WHAT YOU NEED TO DO: Your reply should set down word for word each line below from the one with "Findingeco Quotes By Bill Vaughan Findingeco" through the final line, both included, but none of the pictures.

EXTRACTED DATA:
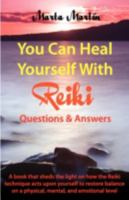 You Can Heal Yourself with Reiki - Questions and Answers 846127279X Book Cover
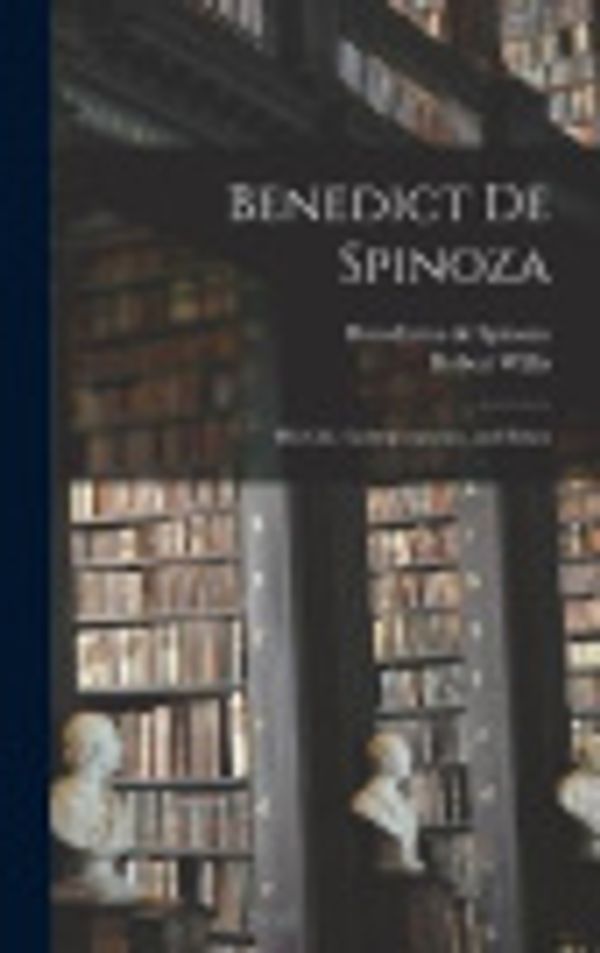 Cover Art for 9781017442243, Benedict de Spinoza: His Life, Correspondence, and Ethics by Benedictus De Spinoza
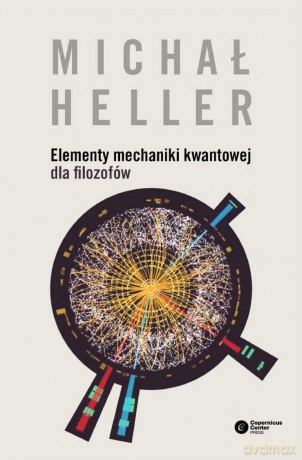 Elementy mechaniki kwantowej dla filozofów - Michał Heller [KSIĄŻKA]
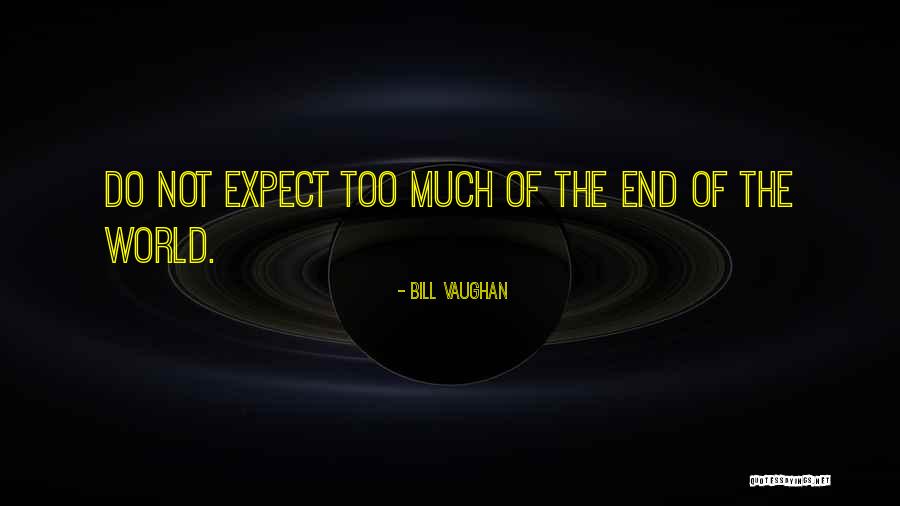 Findingeco Quotes By Bill Vaughan Findingeco Quotes By Bill Vaughan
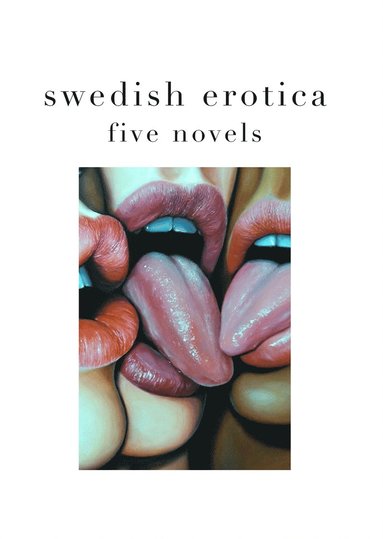 Swedish erotica: Five novels (hftad)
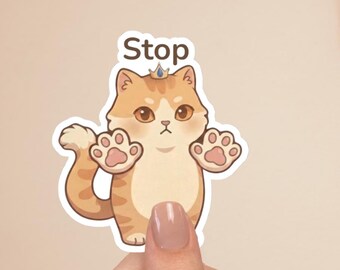 Stop Cat Sticker | Cute Cat Paw Sticker | Kawaii Cat Sticker | Funny Cat | Laptop Sticker | Cat Lover Gift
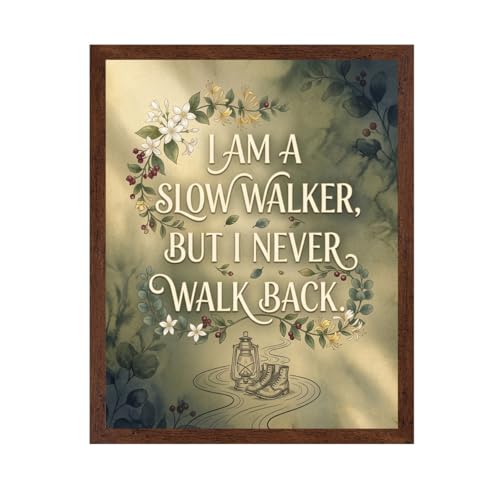 ALPINE INK CO. Motivational Quote Poster with Frame - I Am a Slow Walker but Never Walk Back Artwork - Vintage Floral and Nature Design - Bedroom Office Wall Decor - 11x14 Brown Framed Print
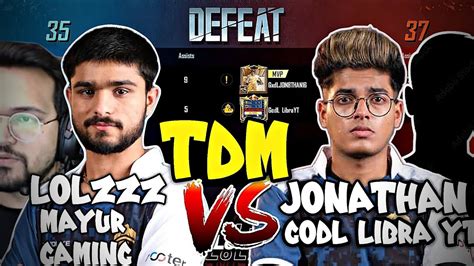 Jonathan Vs Lolzzz Tdm Tdm Gameplay Pubgmobile Jonathan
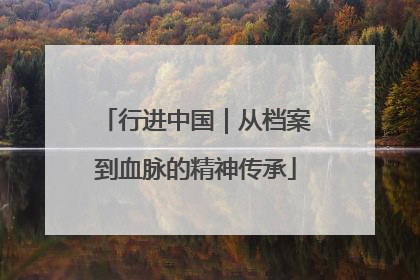 行进中国｜从档案到血脉的精神传承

ANSWER SECTION:
 Findingeco Quotes By Bill Vaughan Findingeco Quotes By Bill Vaughan
 Swedish erotica: Five novels (hftad)
 Stop Cat Sticker | Cute Cat Paw Sticker | Kawaii Cat Sticker | Funny Cat | Laptop Sticker | Cat Lover Gift
 ALPINE INK CO. Motivational Quote Poster with Frame - I Am a Slow Walker but Never Walk Back Artwork - Vintage Floral and Nature Design - Bedroom Office Wall Decor - 11x14 Brown Framed Print
 Jonathan Vs Lolzzz Tdm Tdm Gameplay Pubgmobile Jonathan
 行进中国｜从档案到血脉的精神传承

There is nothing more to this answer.